Com efeito, há recentes julgados de magistrados que não se limitam a mera observância do enunciado sumulado, que reconhecem a possibilidade de aplicação da pena aquém do mínimo legal, conforme ilustrativos precedentes dos Tribunais Regionais Federais:

“APLICAÇÃO DA PENA ABAIXO DO MÍNIMO-LEGAL. POSSIBILIDADE. CONTINUIDADE DELITIVA CONFIGURADA. (…) O inciso XLVI do art. 5º da Carta Política estabelece o princípio da individualização da pena que, em linhas gerais, é a particularização da sanção, a medida judicial justa e adequada a tornar o sentenciado distinto dos demais. Assim, o Enunciado nº. 231 da Súmula do STJ, ao não permitir a redução da pena abaixo do mínimo legal, se derivada da incidência de circunstância atenuante, data venia, viola frontalmente não só o princípio da individualização da pena, como, também, os princípios da legalidade, da proporcionalidade e da culpabilidade. 6. Em consonância com a Constituição Federal de 1988 (Estado Constitucional e Democrático de Direito), e à luz do sistema trifásico vigente, interpretar o art. 65, III, "d", do Código Penal – a confissão espontânea sempre atenua a pena -, de forma a não permitir a redução da sanção aquém do limite inicial, data venia, é violar frontalmente não só o princípio da individualização da pena, como também os princípios da legalidade, da proporcionalidade e da culpabilidade. (…)” (ACR 200634000260137, JUIZ TOURINHO NETO, TRF1 – TERCEIRA TURMA, e-DJF1 DATA: 28/10/2010 PAGINA:251.) (grifei)

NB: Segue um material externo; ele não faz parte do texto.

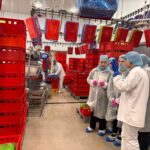 Uczniowie ZSCKR słuchają o zasadach pracy firmy 2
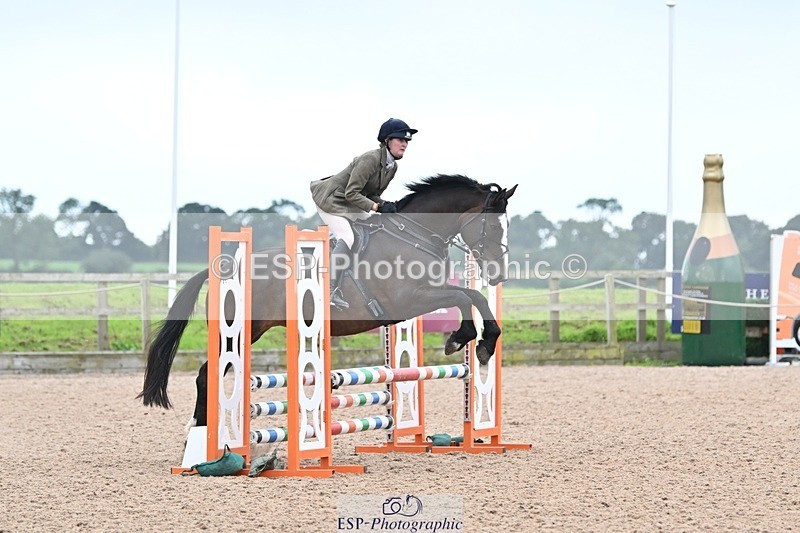 240813-182424-00651 - Classes 5 A&B & 6 80cm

“(…) Respeitadas opiniões já tem se levantado no rumo da possibilidade do reconhecimento, ao exemplo da credenciada doutrina de Rogério Greco, sustentando, em síntese, que a vedação da referida redução é fruto de interpretação contra legem. Isto porque, o art. 65 do CP não restringiu a sua aplicação aos casos em que a pena-base tenha sido fixada acima do mínimo legal; ao contrário, o mencionado artigo determina que “são circunstâncias que sempre atenuam a pena”. VII – Fosse a vontade do legislador que se excepcionasse a regra prevista, não teria, o mesmo, lançado mão do advérbio “sempre”, indicando aí o caminho interpretativo e a conclusão possível de que é coerente aplicar-se o dispositivo a toda e qualquer pena aplicada na primeira fase de sua fixação. Mantida a sentença no ponto. VIII – Recurso do MINISTÉRIO PÚBLICO FEDERAL DESPROVIDO; recurso de RAQUEL DA COSTA LIMA DESPROVIDO recurso de ELOI DA COSTA LIMA PROVIDO para absolvê-lo na forma do art. 386, VI, do CPP.” (ACR 200650010071827, Desembargador Federal MESSOD AZULAY NETO, TRF2 – SEGUNDA TURMA ESPECIALIZADA, E-DJF2R – Data:: 23/09/2010 – Página::2010.) (grifei)

Portanto, resta evidente o equívoco da Súmula 231 do STJ, que precisa ser reavaliada pelos tribunais pátrios, sob pena de inviabilizarmos o direito fundamental à individualização da pena e desconsiderarmos o próprio princípio da isonomia.

 

Referências:
BITENCOURT, Cézar Roberto. Tratado de Direito Pebal. vol. 1. 11. ed. São Paulo: Editora Saraiva, 2007.